One range is to be output from the listing below, exactly as written: the line with "Durian Market Batik.jpg (116435 bytes)" to the line with "Old Twitch Clip", both kept.

§ §

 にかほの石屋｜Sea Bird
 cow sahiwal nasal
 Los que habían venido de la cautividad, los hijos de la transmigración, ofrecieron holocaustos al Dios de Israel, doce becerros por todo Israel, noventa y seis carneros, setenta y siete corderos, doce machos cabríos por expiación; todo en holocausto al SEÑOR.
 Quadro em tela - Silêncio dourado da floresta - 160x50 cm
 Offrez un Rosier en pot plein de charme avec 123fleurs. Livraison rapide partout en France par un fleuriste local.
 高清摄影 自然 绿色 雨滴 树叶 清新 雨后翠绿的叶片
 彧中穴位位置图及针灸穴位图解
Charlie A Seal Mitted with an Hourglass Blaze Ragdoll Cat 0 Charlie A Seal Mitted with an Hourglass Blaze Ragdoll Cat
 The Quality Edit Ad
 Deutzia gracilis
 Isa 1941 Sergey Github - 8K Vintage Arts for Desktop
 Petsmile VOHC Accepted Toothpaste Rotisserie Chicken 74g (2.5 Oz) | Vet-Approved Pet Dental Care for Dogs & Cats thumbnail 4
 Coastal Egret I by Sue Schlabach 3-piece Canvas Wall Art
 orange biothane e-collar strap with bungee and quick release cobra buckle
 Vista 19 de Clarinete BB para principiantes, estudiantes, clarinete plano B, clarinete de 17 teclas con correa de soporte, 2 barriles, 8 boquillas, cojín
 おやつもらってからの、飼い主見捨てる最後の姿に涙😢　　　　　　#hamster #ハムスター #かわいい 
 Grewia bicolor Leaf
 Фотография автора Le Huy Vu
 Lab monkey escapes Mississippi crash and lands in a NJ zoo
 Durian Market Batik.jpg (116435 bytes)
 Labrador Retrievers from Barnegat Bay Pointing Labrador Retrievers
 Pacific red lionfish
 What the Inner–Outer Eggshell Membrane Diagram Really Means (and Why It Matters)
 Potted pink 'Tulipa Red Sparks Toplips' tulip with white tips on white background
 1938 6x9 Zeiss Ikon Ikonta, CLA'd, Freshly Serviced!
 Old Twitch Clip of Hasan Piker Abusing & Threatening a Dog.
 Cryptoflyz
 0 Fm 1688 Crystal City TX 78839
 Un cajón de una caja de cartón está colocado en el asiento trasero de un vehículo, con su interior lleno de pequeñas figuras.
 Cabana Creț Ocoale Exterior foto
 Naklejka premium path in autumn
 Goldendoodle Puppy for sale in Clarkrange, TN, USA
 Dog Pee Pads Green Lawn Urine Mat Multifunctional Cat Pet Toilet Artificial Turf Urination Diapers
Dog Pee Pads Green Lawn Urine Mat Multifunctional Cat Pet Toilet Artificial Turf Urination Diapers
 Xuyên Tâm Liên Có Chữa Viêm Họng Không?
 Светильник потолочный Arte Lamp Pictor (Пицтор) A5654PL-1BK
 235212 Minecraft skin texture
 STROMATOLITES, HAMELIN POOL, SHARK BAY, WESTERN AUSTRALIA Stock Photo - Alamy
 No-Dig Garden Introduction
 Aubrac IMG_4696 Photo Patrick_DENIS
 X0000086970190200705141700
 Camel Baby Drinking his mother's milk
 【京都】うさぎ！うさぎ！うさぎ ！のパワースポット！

§ §

» **EXERCISE RESPONSE**:
 Durian Market Batik.jpg (116435 bytes)
 Labrador Retrievers from Barnegat Bay Pointing Labrador Retrievers
 Pacific red lionfish
 What the Inner–Outer Eggshell Membrane Diagram Really Means (and Why It Matters)
 Potted pink 'Tulipa Red Sparks Toplips' tulip with white tips on white background
 1938 6x9 Zeiss Ikon Ikonta, CLA'd, Freshly Serviced!
 Old Twitch Clip of Hasan Piker Abusing & Threatening a Dog.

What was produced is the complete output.